* _DATA BELOW_
+++++

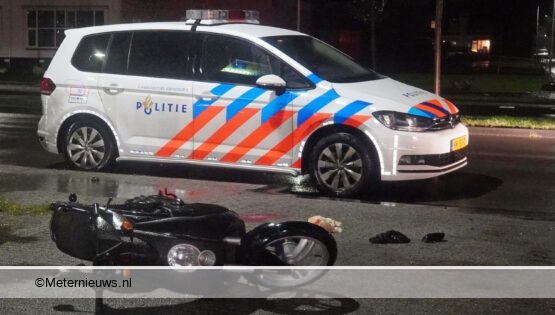Scooterrijder behoorlijk gewond na aanrijding in Assen. Scooterrijder behoorlijk gewond na aanrijding in Assen.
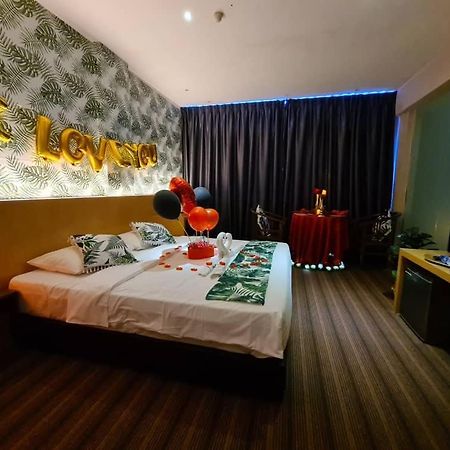 Grandeur Hotel And Spa Malacca Buitenkant foto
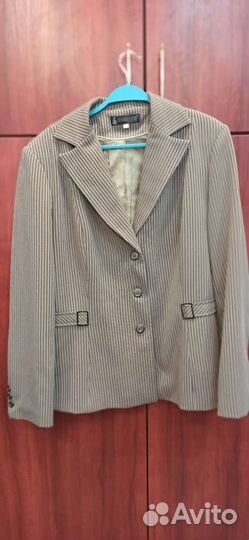 Костюм женский р. 54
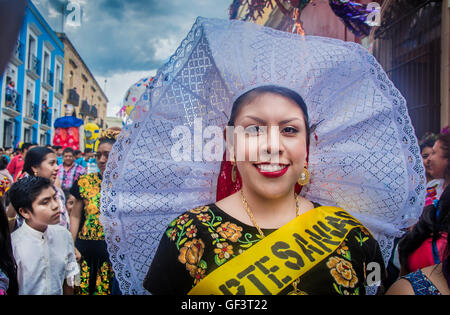 Oaxaca, Mexiko. 27. Juli 2016. Feiern auf den Straßen der "Guelaguetza in Oaxaca" 2016 Credit: Alberto Sibaja Ramírez/Alamy Live News Stockfoto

+++++

* _TASK OBJECTIVE_
Write out the material above once more, word for word. Images stay out.

* _EXERCISE OUTPUT_
Scooterrijder behoorlijk gewond na aanrijding in Assen. Scooterrijder behoorlijk gewond na aanrijding in Assen.
 Grandeur Hotel And Spa Malacca Buitenkant foto
 Костюм женский р. 54
 Oaxaca, Mexiko. 27. Juli 2016. Feiern auf den Straßen der "Guelaguetza in Oaxaca" 2016 Credit: Alberto Sibaja Ramírez/Alamy Live News Stockfoto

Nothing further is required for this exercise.